What to work on:
Using the data below, output the first line and every line after it up to and including the line containing "بيجامة نص كم ساده دانتيل", exactly as written and with nothing added.

Information provided:

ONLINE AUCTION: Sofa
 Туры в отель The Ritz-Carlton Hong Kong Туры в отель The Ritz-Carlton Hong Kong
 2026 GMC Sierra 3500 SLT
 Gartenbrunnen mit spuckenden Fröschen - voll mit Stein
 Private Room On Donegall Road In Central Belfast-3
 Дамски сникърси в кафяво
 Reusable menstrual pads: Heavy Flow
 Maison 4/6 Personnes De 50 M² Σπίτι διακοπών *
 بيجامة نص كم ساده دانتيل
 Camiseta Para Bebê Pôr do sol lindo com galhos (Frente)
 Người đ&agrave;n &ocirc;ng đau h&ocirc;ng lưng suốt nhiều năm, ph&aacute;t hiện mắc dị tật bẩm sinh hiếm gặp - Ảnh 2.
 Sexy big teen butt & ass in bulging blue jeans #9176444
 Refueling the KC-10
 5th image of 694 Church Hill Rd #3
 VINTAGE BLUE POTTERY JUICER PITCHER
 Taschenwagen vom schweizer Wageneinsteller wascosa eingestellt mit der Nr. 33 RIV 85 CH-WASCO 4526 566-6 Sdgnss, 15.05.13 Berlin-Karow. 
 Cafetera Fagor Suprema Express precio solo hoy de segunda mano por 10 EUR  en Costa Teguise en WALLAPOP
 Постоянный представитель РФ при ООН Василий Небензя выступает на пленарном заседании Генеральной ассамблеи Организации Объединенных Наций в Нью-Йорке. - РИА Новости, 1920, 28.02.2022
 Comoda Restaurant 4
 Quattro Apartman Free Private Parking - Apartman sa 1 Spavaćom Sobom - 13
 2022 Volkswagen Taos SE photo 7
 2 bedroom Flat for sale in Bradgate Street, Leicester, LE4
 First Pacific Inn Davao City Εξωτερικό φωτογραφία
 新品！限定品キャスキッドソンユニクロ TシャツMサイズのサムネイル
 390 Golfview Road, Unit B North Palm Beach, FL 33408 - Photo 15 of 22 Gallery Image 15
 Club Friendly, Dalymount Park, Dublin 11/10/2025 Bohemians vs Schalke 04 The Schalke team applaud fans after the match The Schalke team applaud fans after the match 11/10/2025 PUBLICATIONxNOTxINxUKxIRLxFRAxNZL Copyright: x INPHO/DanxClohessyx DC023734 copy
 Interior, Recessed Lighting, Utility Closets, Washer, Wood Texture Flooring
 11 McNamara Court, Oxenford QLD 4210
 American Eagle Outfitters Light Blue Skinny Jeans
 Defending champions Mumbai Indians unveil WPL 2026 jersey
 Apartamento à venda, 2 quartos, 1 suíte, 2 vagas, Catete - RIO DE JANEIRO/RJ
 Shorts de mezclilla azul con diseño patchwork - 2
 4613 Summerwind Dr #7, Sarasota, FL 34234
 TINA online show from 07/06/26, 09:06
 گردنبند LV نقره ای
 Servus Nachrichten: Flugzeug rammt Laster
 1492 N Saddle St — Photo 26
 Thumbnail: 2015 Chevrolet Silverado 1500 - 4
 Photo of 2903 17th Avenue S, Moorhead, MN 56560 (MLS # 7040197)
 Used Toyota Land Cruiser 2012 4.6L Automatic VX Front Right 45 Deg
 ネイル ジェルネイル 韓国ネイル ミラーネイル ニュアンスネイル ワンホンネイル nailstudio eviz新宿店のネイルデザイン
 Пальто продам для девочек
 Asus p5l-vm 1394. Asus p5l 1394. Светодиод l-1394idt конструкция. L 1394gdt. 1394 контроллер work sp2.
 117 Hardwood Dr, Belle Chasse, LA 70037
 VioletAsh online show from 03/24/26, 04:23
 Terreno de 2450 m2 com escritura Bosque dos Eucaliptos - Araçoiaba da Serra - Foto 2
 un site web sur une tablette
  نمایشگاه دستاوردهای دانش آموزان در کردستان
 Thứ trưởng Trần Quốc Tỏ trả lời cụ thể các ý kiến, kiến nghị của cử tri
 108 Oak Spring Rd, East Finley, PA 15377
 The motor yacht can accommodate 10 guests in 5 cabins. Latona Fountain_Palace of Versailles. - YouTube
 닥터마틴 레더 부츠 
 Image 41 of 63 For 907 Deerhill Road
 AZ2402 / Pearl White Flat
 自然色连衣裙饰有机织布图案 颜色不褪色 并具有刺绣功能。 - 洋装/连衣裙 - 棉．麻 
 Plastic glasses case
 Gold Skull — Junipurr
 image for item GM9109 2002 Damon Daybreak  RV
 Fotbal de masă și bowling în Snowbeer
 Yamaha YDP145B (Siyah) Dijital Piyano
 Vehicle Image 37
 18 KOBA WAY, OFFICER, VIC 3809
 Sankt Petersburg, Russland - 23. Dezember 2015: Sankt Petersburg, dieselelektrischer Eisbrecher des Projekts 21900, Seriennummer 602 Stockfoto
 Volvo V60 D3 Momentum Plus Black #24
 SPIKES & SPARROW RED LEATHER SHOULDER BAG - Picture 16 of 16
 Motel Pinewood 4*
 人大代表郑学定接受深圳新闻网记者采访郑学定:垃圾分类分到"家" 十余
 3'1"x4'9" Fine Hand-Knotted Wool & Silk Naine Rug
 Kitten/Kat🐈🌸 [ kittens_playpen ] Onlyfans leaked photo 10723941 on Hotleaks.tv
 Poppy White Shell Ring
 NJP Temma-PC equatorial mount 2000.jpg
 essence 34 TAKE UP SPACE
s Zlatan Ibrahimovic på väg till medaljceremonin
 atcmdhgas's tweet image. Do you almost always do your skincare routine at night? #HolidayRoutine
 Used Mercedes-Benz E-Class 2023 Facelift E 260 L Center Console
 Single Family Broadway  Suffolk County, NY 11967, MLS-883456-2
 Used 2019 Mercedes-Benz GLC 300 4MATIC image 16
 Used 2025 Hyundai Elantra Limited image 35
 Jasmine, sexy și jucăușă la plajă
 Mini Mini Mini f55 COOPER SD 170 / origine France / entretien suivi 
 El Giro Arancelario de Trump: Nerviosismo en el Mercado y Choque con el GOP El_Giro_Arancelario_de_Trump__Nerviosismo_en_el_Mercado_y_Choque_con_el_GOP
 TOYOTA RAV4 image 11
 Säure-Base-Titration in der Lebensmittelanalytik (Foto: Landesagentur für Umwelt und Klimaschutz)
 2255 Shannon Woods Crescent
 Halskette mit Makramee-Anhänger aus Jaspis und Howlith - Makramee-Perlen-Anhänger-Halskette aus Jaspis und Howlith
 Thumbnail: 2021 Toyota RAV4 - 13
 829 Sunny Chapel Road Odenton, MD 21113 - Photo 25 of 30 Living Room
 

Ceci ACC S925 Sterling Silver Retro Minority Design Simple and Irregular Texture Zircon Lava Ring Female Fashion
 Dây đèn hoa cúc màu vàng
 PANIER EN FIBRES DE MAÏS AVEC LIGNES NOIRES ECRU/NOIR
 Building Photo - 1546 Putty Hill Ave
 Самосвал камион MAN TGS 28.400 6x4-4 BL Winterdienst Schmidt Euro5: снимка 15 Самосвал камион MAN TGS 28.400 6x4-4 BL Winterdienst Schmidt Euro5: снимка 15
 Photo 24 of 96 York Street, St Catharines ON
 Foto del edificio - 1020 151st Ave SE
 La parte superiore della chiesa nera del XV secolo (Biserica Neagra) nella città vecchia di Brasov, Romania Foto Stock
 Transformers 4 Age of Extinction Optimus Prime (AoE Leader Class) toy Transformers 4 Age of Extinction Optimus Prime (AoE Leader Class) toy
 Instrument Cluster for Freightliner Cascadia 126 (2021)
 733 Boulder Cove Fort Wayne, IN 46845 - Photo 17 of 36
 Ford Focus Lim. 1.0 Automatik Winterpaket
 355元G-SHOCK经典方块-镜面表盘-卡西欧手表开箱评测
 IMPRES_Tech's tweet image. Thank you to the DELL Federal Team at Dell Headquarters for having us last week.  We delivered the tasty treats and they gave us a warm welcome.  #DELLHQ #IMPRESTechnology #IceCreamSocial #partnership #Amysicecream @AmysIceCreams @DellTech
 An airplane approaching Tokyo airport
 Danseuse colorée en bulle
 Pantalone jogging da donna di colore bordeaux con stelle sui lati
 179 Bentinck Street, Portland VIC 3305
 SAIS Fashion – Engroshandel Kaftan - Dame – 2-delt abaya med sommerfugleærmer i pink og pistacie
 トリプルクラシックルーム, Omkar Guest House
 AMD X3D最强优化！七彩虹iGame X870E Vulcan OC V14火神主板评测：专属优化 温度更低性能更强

Task output:
ONLINE AUCTION: Sofa
 Туры в отель The Ritz-Carlton Hong Kong Туры в отель The Ritz-Carlton Hong Kong
 2026 GMC Sierra 3500 SLT
 Gartenbrunnen mit spuckenden Fröschen - voll mit Stein
 Private Room On Donegall Road In Central Belfast-3
 Дамски сникърси в кафяво
 Reusable menstrual pads: Heavy Flow
 Maison 4/6 Personnes De 50 M² Σπίτι διακοπών *
 بيجامة نص كم ساده دانتيل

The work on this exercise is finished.